#### DATA SUPPLIED

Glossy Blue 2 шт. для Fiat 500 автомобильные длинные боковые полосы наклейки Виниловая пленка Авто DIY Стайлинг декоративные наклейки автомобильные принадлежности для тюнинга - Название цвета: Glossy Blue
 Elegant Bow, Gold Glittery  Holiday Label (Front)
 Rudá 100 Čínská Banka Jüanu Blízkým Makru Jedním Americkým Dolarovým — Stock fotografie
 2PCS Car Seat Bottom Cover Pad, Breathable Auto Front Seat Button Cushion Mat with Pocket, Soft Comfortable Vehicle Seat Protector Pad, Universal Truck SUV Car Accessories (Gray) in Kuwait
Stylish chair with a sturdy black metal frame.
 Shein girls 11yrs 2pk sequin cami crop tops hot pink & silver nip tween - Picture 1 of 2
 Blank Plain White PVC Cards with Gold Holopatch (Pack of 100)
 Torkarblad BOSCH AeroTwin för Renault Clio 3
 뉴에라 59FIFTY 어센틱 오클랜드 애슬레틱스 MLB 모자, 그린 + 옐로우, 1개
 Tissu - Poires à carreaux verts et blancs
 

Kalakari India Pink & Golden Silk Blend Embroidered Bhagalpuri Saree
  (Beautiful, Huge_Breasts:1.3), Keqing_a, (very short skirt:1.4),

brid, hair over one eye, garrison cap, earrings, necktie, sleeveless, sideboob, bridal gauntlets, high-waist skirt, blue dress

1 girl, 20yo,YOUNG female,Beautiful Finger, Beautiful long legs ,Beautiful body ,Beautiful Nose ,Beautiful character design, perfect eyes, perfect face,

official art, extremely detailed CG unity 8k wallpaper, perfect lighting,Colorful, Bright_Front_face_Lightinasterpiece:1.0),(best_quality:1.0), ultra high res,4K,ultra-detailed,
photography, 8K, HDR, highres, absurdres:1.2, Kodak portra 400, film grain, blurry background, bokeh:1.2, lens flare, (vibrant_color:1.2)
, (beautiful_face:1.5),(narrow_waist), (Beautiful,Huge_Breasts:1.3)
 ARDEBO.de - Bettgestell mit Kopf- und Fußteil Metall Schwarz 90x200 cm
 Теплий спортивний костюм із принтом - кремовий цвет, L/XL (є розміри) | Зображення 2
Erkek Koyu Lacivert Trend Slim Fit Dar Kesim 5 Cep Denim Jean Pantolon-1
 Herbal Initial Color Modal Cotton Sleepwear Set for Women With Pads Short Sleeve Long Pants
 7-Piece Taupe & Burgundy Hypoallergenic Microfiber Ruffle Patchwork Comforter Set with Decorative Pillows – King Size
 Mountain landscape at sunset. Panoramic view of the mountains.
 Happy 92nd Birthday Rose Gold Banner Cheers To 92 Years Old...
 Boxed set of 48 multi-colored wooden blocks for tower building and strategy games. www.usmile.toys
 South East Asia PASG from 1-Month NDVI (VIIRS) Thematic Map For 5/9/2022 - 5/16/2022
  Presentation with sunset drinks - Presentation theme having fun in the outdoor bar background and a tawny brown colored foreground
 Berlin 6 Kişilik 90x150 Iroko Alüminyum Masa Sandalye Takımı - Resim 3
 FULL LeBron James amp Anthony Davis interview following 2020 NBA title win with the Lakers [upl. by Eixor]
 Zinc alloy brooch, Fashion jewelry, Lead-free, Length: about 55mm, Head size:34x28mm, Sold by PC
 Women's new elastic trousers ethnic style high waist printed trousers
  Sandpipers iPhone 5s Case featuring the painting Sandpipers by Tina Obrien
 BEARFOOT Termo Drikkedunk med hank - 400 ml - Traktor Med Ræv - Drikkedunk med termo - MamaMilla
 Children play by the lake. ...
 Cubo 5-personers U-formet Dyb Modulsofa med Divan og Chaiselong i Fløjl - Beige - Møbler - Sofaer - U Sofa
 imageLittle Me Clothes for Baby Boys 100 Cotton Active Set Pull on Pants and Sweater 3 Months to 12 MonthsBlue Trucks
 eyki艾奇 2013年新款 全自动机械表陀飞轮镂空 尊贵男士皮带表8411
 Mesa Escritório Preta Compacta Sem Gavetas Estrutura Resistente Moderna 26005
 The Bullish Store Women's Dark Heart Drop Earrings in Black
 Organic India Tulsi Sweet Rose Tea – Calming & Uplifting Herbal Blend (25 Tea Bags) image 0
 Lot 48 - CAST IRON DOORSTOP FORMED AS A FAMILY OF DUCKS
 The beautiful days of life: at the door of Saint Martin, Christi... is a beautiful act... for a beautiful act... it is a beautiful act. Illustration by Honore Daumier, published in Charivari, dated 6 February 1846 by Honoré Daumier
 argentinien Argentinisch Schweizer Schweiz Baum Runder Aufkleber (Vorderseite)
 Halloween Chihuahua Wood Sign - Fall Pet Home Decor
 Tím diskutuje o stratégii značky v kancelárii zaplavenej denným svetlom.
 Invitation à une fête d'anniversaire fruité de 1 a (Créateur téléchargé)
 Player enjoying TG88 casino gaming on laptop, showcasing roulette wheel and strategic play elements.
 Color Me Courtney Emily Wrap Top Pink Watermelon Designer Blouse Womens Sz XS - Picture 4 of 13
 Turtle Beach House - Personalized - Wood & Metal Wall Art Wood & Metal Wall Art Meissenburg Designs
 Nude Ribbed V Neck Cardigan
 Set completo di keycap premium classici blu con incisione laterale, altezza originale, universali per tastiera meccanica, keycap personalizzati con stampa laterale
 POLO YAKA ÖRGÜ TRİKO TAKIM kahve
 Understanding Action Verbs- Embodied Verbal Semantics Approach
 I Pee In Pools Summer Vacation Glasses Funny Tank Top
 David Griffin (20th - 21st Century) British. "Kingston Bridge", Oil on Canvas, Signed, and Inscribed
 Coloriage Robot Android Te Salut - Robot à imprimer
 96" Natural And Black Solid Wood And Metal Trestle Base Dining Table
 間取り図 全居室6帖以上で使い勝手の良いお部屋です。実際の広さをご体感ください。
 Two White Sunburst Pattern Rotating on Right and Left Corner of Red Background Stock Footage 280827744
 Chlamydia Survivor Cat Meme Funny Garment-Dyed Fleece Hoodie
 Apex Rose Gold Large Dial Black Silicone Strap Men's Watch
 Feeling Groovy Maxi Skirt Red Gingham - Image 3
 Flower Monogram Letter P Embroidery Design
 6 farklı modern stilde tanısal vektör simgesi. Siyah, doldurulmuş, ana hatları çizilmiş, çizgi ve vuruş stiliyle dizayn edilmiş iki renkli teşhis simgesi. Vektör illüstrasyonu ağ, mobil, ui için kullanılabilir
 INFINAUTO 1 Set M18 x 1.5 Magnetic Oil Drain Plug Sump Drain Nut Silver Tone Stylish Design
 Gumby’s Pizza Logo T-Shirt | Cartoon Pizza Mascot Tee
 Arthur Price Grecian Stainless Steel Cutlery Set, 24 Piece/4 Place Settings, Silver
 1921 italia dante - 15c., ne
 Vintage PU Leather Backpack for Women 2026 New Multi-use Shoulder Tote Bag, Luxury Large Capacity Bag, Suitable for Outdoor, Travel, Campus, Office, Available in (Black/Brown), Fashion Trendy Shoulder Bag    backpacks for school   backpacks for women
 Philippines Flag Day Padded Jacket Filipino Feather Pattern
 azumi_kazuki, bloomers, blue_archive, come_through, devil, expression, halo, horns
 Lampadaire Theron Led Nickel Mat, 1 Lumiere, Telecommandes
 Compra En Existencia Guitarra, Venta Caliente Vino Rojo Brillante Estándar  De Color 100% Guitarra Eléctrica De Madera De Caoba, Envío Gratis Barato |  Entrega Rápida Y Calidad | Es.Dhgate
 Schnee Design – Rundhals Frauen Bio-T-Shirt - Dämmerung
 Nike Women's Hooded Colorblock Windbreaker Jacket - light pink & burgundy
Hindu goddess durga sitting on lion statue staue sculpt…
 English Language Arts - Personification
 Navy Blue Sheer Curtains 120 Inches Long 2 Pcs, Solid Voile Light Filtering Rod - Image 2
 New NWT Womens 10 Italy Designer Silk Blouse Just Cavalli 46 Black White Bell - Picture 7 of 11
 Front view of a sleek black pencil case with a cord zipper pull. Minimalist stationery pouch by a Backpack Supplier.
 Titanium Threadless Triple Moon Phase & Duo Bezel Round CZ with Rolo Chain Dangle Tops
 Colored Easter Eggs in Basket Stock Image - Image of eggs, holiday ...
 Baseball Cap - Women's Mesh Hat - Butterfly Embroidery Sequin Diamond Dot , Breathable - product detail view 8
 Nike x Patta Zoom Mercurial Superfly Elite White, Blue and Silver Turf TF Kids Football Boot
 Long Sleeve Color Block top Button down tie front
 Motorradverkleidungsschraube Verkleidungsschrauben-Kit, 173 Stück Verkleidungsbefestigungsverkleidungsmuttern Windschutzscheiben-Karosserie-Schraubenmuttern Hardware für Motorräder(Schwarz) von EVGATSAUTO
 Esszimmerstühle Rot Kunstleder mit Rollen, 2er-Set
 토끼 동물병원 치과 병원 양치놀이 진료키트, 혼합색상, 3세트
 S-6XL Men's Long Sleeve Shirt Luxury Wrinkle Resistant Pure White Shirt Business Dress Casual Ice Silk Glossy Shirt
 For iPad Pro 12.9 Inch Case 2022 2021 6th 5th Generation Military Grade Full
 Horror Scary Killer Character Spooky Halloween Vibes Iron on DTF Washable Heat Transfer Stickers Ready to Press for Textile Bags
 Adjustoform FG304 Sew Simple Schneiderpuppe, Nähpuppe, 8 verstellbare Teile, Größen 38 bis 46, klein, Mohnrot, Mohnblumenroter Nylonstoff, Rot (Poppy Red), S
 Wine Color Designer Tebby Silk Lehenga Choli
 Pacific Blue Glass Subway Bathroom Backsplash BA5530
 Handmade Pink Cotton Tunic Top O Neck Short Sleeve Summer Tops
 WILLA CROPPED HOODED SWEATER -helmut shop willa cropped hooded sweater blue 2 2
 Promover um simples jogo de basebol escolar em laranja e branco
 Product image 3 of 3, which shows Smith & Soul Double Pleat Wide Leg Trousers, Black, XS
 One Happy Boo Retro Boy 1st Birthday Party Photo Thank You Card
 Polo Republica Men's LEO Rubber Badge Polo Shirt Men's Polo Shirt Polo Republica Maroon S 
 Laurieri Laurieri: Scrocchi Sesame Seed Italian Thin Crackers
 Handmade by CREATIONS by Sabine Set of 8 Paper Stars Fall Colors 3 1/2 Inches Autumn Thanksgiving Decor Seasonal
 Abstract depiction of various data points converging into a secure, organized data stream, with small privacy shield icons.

########

* [DIRECTIONS FOR THIS TASK] Return exactly the lines from the beginning of the data above through the one containing "official art, extremely", please. Include both end lines and add nothing else.

* [RESPONSE AREA]
Glossy Blue 2 шт. для Fiat 500 автомобильные длинные боковые полосы наклейки Виниловая пленка Авто DIY Стайлинг декоративные наклейки автомобильные принадлежности для тюнинга - Название цвета: Glossy Blue
 Elegant Bow, Gold Glittery  Holiday Label (Front)
 Rudá 100 Čínská Banka Jüanu Blízkým Makru Jedním Americkým Dolarovým — Stock fotografie
 2PCS Car Seat Bottom Cover Pad, Breathable Auto Front Seat Button Cushion Mat with Pocket, Soft Comfortable Vehicle Seat Protector Pad, Universal Truck SUV Car Accessories (Gray) in Kuwait
Stylish chair with a sturdy black metal frame.
 Shein girls 11yrs 2pk sequin cami crop tops hot pink & silver nip tween - Picture 1 of 2
 Blank Plain White PVC Cards with Gold Holopatch (Pack of 100)
 Torkarblad BOSCH AeroTwin för Renault Clio 3
 뉴에라 59FIFTY 어센틱 오클랜드 애슬레틱스 MLB 모자, 그린 + 옐로우, 1개
 Tissu - Poires à carreaux verts et blancs
 

Kalakari India Pink & Golden Silk Blend Embroidered Bhagalpuri Saree
  (Beautiful, Huge_Breasts:1.3), Keqing_a, (very short skirt:1.4),

brid, hair over one eye, garrison cap, earrings, necktie, sleeveless, sideboob, bridal gauntlets, high-waist skirt, blue dress

1 girl, 20yo,YOUNG female,Beautiful Finger, Beautiful long legs ,Beautiful body ,Beautiful Nose ,Beautiful character design, perfect eyes, perfect face,

official art, extremely detailed CG unity 8k wallpaper, perfect lighting,Colorful, Bright_Front_face_Lightinasterpiece:1.0),(best_quality:1.0), ultra high res,4K,ultra-detailed,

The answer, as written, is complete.